By Jimmy Chan, co-founder and CEO at Dropbase, a platform that automates manual data work and turns CSVs, Excel and online data to analytics-ready databases.
Open-source software startups building data products are having a moment. In just the last few months, we’ve seen startups such as Airbyte, ClickHouse, PostHog and RudderStack quickly grow strong communities and collectively raise over $100 million. These startups are open-source alternatives to closed-source products such as Fivetran, Snowflake, Amplitude and Segment, which are collectively valued at over $100 billion at the time of writing.
This spike isn’t surprising given that the amount of data production and consumption is growing exponentially. In this article, I will talk about the underlying reasons for this trend and how entrepreneurs can find opportunities to build successful data startups.
What’s A Data Startup And Open-Source Software?
A data startup develops software and tools to help individuals and organizations make their data more useful. This includes helping collect, clean, centralize, store, transform and analyze data.
Open-source software (OSS) refers to software that people can view, use, download, study, modify, distribute and share for any purpose. The specific purposes depend on its license type; for example, MIT license, GPL 3.0 or Apache 2.0.
What Explains The Spike In Open-Source Companies Building Data Products?
Fundamentally, a shift in market needs.

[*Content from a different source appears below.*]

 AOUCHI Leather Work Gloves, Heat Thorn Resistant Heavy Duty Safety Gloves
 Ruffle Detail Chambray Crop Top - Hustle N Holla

Companies increasingly look to have finer control of their data, adapt products to custom-use cases and have a choice for what tools to integrate with. This is further compounded with the increasing amount of data generated by companies and their desire to extract more insight from it to grow the business.
People who work with data are familiar with the following pattern: They want to capture marketing data to understand customer trends. They sign up for a commercially available product developed by a vendor they trust. Then their data volume increases, workflows become more complex and they need to customize the product to suit specific use cases. To do this, they need to access the underlying data, which they don’t have, not unless they pay vendors five figures in additional recurring fees. Most companies go through this pattern. While the requirements for many companies won’t outgrow features offered by closed-source vendors, those of the most successful ones certainly will, creating large opportunities for startups.
Why Do Organizations Turn To Open-Source Data Tools?
Because they can benefit from it in ways that closed-sourced products can’t.
• Access: You get maximum access to your underlying data.
• Control: You can control what you want to do with your data, how it’s stored or backed up and who else can access it.
• Choice: You can choose to use your data with any downstream tool that requires data access. You can also choose which tool to integrate it with.
• Customization: You can modify and customize the data product to suit your teams’ or business’s specific needs, allowing maximum flexibility.
• Portability: You can take your data somewhere else without time-intensive and expensive effort.
• Compliance And Regulation: You control all of your own data and don’t need to establish data processor relationships with external parties.
• Speed Of Innovation: Innovation efforts are brought by a distributed community, all working to improve the product, as opposed to being handled by a single team or company.
What Matters When Building An Open-Source Data Startup?
Community, flexibility, speed of development and customization are the most important factors that determine the success of data startups built as OSS. Product market fit in the traditional sense is surprisingly not the most important challenge of data startups built on OSS. That’s because data products built as OSS are often based on already available and successful commercial products, which already have product market fit. Open-source companies get the advantage of observing how a closed-source system works, from their pricing, go-to-market, and strength and weaknesses to their product documentation, which is often modeled one-for-one from existing products.
On the other hand, there are other difficult challenges, too. First, it’s not easy to just pick any closed-source software and create an open-source alternative of it and launch a startup. Not all products can or will succeed as open-source. Second, you’ll still need to figure out how to pick an appropriate go-to-market, business model and pricing scheme that works well for the target market. And third, building community and trust is difficult with open-source data products. Customers may not choose a project that does not have sufficient or fast-growing community support. Community is probably the hardest thing about doing an open-source data startup but also the most important one.
Products That Have Or Would Have Worked Well As Open-Source
While there is no exact formula, here are some examples of products that have worked or would work well as OSS. These are typically products that:
• Query your data warehouse (business intelligence tools, data cataloging, data observability)
• Require a very high level of engineering customization
• Are a building block for other products (authentication, security)
• Extract insights from their data (machine learning, product analytics)
• Help you build custom applications based on your company’s data (internal tools builders, data automation tools)
• Capture or stream data logs (customer data platforms, event streaming)
• Enhance team collaboration (Figma, Jira, Google Sheets)
There is a huge opportunity in recognizing closed-source products that are working well and are hugely successful and building an open-source alternative to them. We’ll likely see more companies commercializing open-source software for data products due to increasing market demand and the intrinsic benefits of open-sourced data products.
Over the next few years, we’ll likely see the emergence of a standard modern “data stack” — or a set of core tools that aid in data-related work, where each underlying component is based on OSS. This future of data products based on OSS is incredibly bright, filled with incredible opportunities for entrepreneurs and just around the corner.